**WHAT TO DO**
Restate word for word the lines of the material below, from the line with "Classic Basics Trui met staande kraag Trui" to the line with "Versace Primo Leather Loafers", both lines included, and no others.

**RECORDS**
----
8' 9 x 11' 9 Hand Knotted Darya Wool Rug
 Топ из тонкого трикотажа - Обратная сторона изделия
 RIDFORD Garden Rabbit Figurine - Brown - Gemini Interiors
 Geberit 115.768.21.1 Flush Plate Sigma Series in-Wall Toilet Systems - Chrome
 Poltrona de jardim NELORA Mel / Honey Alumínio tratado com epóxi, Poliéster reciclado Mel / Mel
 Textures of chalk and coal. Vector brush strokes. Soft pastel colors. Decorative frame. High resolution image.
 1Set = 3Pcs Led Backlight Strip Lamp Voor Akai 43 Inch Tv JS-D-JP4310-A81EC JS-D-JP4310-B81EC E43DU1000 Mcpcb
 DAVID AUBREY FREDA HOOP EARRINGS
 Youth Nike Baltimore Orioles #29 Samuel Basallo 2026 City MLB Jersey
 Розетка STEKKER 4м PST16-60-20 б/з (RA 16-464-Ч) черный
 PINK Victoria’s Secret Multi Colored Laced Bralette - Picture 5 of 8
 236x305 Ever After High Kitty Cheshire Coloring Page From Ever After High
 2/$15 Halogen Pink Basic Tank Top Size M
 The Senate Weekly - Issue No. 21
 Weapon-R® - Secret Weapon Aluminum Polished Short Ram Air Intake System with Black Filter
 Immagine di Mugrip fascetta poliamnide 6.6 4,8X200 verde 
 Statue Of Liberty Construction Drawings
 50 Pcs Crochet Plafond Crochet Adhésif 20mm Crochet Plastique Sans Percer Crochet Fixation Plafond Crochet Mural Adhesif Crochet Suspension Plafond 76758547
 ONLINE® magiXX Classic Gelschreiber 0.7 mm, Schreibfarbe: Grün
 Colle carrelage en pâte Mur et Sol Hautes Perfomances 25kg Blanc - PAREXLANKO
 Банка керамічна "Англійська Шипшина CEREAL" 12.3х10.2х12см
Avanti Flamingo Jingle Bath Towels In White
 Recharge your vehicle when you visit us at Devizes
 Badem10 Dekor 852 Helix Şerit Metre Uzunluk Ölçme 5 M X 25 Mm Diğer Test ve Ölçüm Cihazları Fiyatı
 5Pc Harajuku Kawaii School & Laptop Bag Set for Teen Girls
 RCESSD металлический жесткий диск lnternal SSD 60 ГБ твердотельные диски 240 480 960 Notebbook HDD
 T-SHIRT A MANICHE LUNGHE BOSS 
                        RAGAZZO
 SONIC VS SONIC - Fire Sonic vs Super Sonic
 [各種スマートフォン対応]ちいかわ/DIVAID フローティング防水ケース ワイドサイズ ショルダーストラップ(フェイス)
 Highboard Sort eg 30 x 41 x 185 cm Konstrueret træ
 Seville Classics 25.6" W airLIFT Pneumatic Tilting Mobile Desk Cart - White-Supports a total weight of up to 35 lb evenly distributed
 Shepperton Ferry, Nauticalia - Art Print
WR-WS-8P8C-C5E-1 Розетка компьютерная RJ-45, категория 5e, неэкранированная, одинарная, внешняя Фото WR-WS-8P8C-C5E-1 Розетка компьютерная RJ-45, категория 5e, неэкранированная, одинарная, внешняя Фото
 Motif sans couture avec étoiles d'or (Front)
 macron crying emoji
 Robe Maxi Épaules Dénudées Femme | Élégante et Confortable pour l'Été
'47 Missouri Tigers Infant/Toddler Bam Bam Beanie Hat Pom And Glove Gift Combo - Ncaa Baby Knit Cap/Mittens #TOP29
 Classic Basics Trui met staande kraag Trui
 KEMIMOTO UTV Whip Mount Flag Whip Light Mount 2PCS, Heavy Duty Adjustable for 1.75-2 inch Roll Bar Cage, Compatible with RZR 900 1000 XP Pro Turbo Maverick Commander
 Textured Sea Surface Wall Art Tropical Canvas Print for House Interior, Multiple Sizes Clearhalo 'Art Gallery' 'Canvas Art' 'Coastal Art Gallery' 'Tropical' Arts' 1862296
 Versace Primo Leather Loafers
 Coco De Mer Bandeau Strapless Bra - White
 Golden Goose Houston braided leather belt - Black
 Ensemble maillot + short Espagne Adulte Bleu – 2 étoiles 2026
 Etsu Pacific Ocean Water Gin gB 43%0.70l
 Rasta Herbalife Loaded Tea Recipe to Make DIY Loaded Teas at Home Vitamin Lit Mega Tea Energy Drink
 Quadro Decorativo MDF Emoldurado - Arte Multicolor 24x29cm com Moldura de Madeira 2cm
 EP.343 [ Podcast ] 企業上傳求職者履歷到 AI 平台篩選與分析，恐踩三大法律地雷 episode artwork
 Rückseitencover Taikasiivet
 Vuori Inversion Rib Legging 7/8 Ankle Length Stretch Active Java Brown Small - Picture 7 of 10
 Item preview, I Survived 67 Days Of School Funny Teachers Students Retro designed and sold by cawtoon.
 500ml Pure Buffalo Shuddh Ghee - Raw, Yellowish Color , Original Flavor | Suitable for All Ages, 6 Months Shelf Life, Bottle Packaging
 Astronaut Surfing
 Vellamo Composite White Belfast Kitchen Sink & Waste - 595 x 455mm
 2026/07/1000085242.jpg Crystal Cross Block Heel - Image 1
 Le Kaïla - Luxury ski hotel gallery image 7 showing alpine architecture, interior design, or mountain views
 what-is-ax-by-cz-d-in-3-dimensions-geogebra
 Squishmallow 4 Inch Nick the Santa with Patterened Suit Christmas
----
**OUTPUT**
 Classic Basics Trui met staande kraag Trui
 KEMIMOTO UTV Whip Mount Flag Whip Light Mount 2PCS, Heavy Duty Adjustable for 1.75-2 inch Roll Bar Cage, Compatible with RZR 900 1000 XP Pro Turbo Maverick Commander
 Textured Sea Surface Wall Art Tropical Canvas Print for House Interior, Multiple Sizes Clearhalo 'Art Gallery' 'Canvas Art' 'Coastal Art Gallery' 'Tropical' Arts' 1862296
 Versace Primo Leather Loafers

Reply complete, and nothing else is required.